Today the company’s sales to working capital ratio is 15, showing that the company does not have any credit stuck in the market. Other companies in the same business have very high working capital, and their money is stuck in the market for more than 50 days, say industry analysts. In 2010, Avanti Feeds implemented enterprise resource planning solutions, which connected all the departments, with constant checks and balances in the system. “We have got our finances right. What is now important is to expand the business into newer products. We are looking at processed food in this regard,” says Kumar.
Today, Avanti Feeds has a market share of 50% from 25% in 2008. Over the last five years, the company has grown by 60% annually
In 2015, Avanti Foods set up Avanti Frozen Foods, with a 40 percent equity from Thai Union, and is working on a new shrimp processing plant in the village of Yerravaram in East Godavari district of Andhra Pradesh, focussed on exports. Kumar is also looking to cultivate sea bass, a protein-rich fish that has a strong demand in the export market. “One of the best things to do is to get into newer species of fish. That is the way we can expand the market,” he says.

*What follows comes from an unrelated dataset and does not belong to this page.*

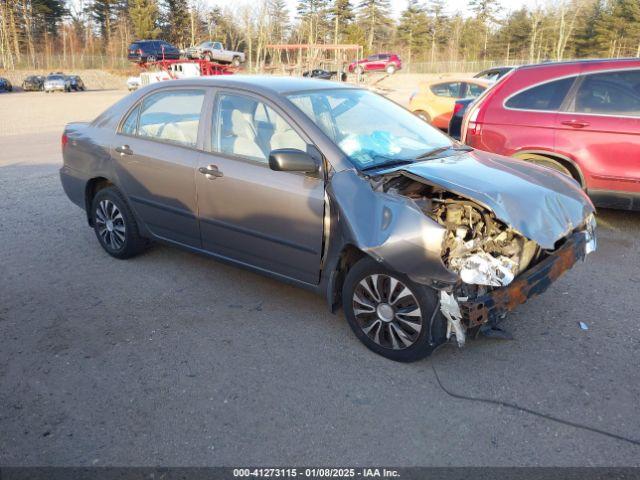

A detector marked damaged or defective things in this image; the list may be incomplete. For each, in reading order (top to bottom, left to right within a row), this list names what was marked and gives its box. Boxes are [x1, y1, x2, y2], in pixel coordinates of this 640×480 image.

damaged hood [380, 150, 596, 249]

The growth of his company has not gone unnoticed in the stock market. The stock is traded at a P/E multiple of 24 times, and has a market capitalisation of Rs 3,400 crore. “Avanti Feeds has doubled its capacity every few years and still the demand for its product is very high. The company is efficiently managed and has grown at a very fast rate,” says Ayush Mittal, who invested in the company seven years ago, when the stock price was around Rs 35. It was a 100-bagger pick for Mittal who says he likes to buy the stock on every opportunity.
There is little doubt that others like Mittal would be reaping rich dividends through their association with Avanti Feeds.